Mrs May intends to negotiate the best Brexit deal possible. We must wait and see what that means. She might consider a friendly divorce cheap at the price at, say, £50billion.
She will look after the working poor — whichever party they support. A new house-building boom and energy price cap are just a start.
There will be a Cabinet shake-up. “Spreadsheet Phil” — respected by City money men as a safe pair of hands despite his bungled Budget — is likely to survive.
Boris will be given a little more rope. Trade minister Liam Fox is on the scaffold.
The key point for foreign investors with billions to spend is whether the PM will open the purse strings and splash the cash.
The UK is rated by the super-rich as one of the world’s safest places to stow their money — as long as we keep to plans to cut borrowing.
Spending on roads, railways and airports is fine.

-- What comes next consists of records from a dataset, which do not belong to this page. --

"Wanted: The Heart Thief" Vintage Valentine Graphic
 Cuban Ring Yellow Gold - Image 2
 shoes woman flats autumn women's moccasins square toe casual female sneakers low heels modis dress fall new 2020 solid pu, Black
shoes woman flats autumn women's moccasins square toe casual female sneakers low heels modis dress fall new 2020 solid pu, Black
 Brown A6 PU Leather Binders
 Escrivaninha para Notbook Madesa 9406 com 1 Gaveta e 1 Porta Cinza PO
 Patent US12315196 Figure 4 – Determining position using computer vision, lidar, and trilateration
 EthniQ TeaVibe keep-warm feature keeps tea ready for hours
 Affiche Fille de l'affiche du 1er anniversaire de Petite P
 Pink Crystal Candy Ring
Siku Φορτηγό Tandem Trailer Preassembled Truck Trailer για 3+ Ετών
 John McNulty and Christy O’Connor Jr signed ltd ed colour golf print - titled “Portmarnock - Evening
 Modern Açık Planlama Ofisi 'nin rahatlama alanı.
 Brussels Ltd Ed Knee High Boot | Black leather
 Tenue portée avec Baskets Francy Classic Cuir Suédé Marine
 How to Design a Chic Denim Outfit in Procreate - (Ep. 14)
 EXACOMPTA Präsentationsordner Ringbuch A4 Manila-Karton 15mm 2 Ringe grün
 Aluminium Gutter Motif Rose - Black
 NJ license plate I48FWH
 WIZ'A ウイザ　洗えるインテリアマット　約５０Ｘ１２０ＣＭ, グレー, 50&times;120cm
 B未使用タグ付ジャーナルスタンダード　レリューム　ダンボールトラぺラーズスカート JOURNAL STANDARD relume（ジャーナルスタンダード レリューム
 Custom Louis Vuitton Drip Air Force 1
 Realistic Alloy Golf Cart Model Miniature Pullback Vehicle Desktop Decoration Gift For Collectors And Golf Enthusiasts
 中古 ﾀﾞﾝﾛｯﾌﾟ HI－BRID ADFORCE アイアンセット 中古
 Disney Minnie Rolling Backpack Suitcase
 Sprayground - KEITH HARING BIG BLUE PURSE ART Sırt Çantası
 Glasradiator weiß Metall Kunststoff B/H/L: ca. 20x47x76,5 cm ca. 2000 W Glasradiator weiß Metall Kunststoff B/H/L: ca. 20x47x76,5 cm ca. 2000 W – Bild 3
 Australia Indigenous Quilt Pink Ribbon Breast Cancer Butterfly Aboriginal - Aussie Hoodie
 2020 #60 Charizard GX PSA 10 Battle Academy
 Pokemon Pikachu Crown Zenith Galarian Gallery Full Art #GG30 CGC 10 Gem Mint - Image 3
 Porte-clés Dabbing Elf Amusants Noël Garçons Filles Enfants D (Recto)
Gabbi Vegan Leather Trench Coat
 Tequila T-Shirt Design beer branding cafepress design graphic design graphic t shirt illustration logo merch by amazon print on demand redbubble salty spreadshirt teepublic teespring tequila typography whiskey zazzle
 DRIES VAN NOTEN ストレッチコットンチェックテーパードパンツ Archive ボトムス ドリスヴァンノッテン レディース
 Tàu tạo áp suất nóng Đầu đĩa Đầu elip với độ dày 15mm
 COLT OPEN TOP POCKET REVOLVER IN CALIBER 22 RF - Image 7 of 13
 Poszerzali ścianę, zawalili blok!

Extra welfare, in any guise, is out.
“Theresa has plenty of goodwill in the City,” says a top economic analyst. “She is seen as a decent, straight politician who doesn’t believe money grows on trees and doesn’t take bungs.
“There would be raised eyebrows if she put workers on boards or imposed pay caps but they would put up with it.
“But there would be a serious reaction if she ditched the Government’s timetable for cutting borrowing.”
Before Thatcherites get alarmed, it is worth remembering the PM once spent six years at the Bank of England and her influential husband Philip still works in the City.
She is unlikely to go on a spending and borrowing splurge.
If we know nothing else, we can be certain she believes in low taxes, strong defences and the rule of law.
Nobody can say that about Labour leader Jeremy Corbyn and his Marxist malcontents.
Voters are shrewd judges. They are giving Theresa May the benefit of the doubt.
The promised election day landslide could yet turn into a tsunami.
Scottish education in ruins
TARTAN terror Nicola Sturgeon yesterday admitted that Scotland’s once world-class record for education is in ruins.
Fewer than half of 13 and 14-year-olds are fully literate while scores for maths and science have also collapsed on her party’s watch.
“I’ve been very open that this is not good enough,” confessed Sturgeon lamely.
On polling day, voters might ask if their kids have become thicker.
Or if the Scot Nats are more interested in chasing the independence delusion than making sure school leavers can read and write.